Winter Fantasy is an annual gaming convention that takes place in the USA every January or February.

History
The convention was held as early as 1977 under the name Winter Fantasy. In 2007 the convention was renamed to D&D Experience (often abbreviated as DDXP or D&DXP). In 2012 Wizards of the Coast announced it would now use the title D&D Experience for the events it held at the Gen Con convention. Baldman Games, the company currently operating this and other conventions for Wizards of the Coast, decided to continue the tradition and brought back the name Winter Fantasy for the 2013 convention.

The convention has been closely tied to the RPGA, and was sponsored by the RPGA from 1989 until TSR went bankrupt.

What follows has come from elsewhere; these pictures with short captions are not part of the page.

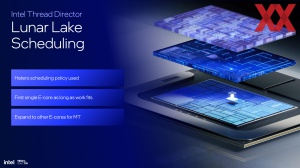 Intel Lunar Lake: Thread Director und Power Management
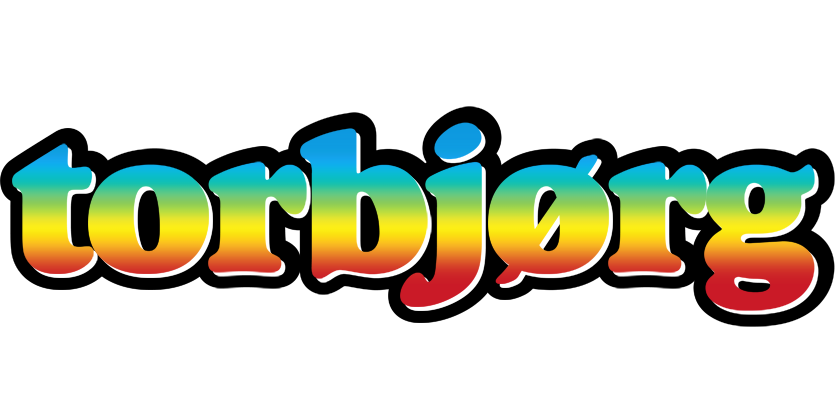 Torbjørg color logo
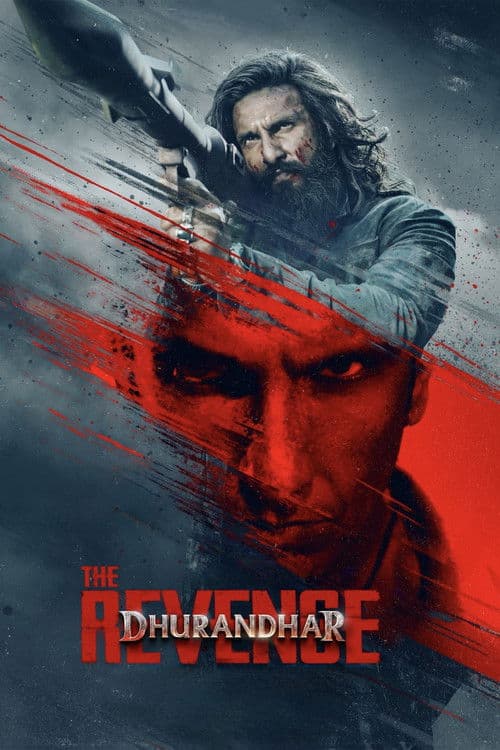Dhurandhar: The Revenge poster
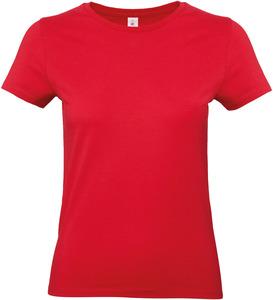 B&C CGTW04T - #E190 Ladies' T-shirt Red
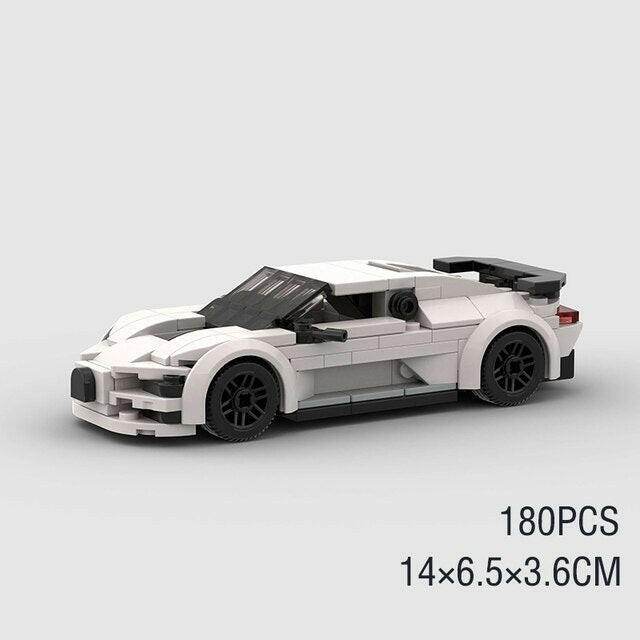 Vehicle F1 Technique Bricks Car Toy - Austrige™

Winter Fantasy has played host to a wide variety of tournament and organized play games. These include popular living campaign programs such as Living City, Living Greyhawk, and Living Forgotten Realms. The 2013 convention included Pathfinder Society games run by Paizo Publishing in addition to Wizards of the Coast organized play events.

Winter Fantasy has often featured special events either not available elsewhere or with a limited release. 2013 included a special Pathfinder scenario and multi-table battle interactive events for the Living Forgotten Realms and Ashes of Athas campaigns. Ashes of Athas is a Dark Sun campaign, which started at Winter Fantasy 2011 and concluded at Winter Fantasy 2013.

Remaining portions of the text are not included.